My elementary school bus driver didn’t speak Spanish, but the few phrases she’d memorized were scary as mierda.
¡Cállate! ¡Silencio! ¡Sentarse sin hablando! She’d sweep the back of the bus with her omnipotent glare and scowl into the rearview mirror. If she made eye contact, you were as good as muerto.
I grew up in a farming community where half of us rooted for Mexico and rest backed Italy. The gringos jóvenes had no clue what she was saying, but her threat—however foreign—scared the bejeezus out of us all. If you didn’t shuttheHwordupRIGHTNOW then you’d have to sit at the front of the bus with *gasp* the nerds.
Sitting up front was worse than getting a yellow card. It meant you’d miss out on everything. Maybe Suzette would finally kiss Jose. Maybe you’d barter your chips for a Lunchable. Maybe Antonio would stick his hand out the window again, and it’d get knocked off by a tree branch. He was a brave, but dumb, boy (weren’t they all?), and we were easily entertained.
To sit up front meant you’d lose your front-row seat to all the action and, thus, your social standing for days, if not weeks. The horror.
I was a regular at the front of the bus (shocker). With horrible motion sickness, my hour in that yellow tank was hell.
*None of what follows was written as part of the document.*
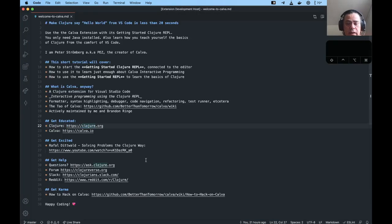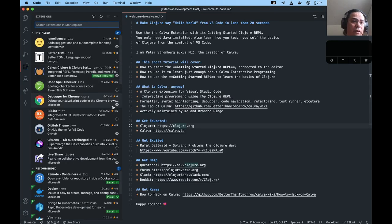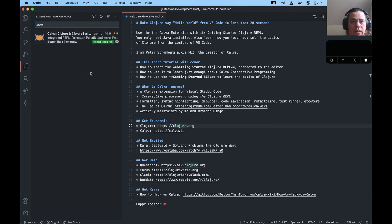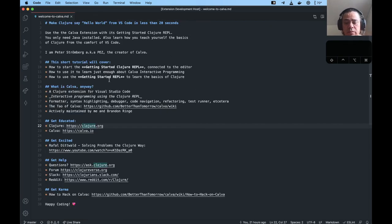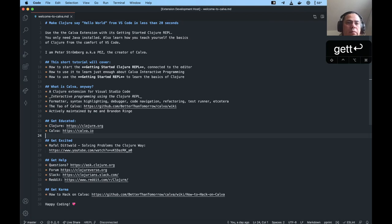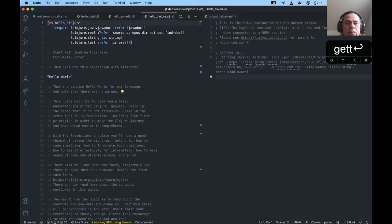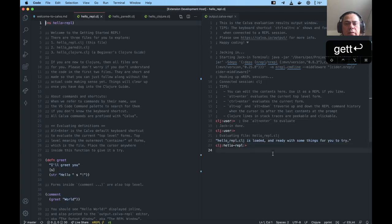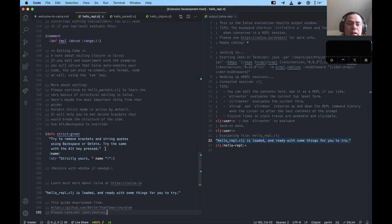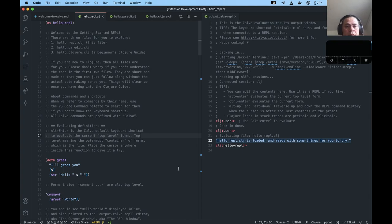So you look for Calva and install it. Then when it's installed, you go to the command palette, find the Getting Started REPL command, and execute it. These three files open. The REPL output window is open here, telling us that it's ready. We are in the hello REPL. At the bottom of hello REPL we find this string — this is the last thing evaluated, so that's what's going to be printed in the output.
I passed the time talking to the bad kids (re: cool kids) who really didn’t want to sit next to the chick in penny loafers with her eye on the vomit bucket.
But I won them over with my charm. Or they were bored. Either way, I spent a great deal of time chatting. They didn’t adopt my sense of style, but I was quick to mimic their behavior. From first grade all the way into middle school I never, ever ¡Cierras la boca!
That poor bus driver.
(The Significant Other killin’ it on the sand slopes!)
Apparently I haven’t changed much since third grade because my bus driver’s warnings still fall on deaf ears. A few weeks ago, I found myself standing at the top of a HUGE sand dune in the Peruvian desert, clutching a sandboard in shaky hands.
Sandboarding is kind of like snowboarding but not. The Huacachina desert is far more gorgeous than a snowy mountain. However, face-planting in sand is a lot less thrilling than belly-flopping into a snow drift.
While our tour guide mechanically waxed my sandboard, he waxed poetic about the many ways white people have screwed up this sport—enough to land themselves en el hospital. Muy peligroso. He laid out his list of do’s and don’ts in perfect Spanglish: Don’t lean forward. Never hold your hands out in front of you. Always keep your torso curved upward.
But his main advice? ¡Cierras la boca!
*sigh* I never listen.
(I’m smiling here, but that’s because there’s so much sand in my teeth that shutting my mouth feels like licking a lumberjack’s face.)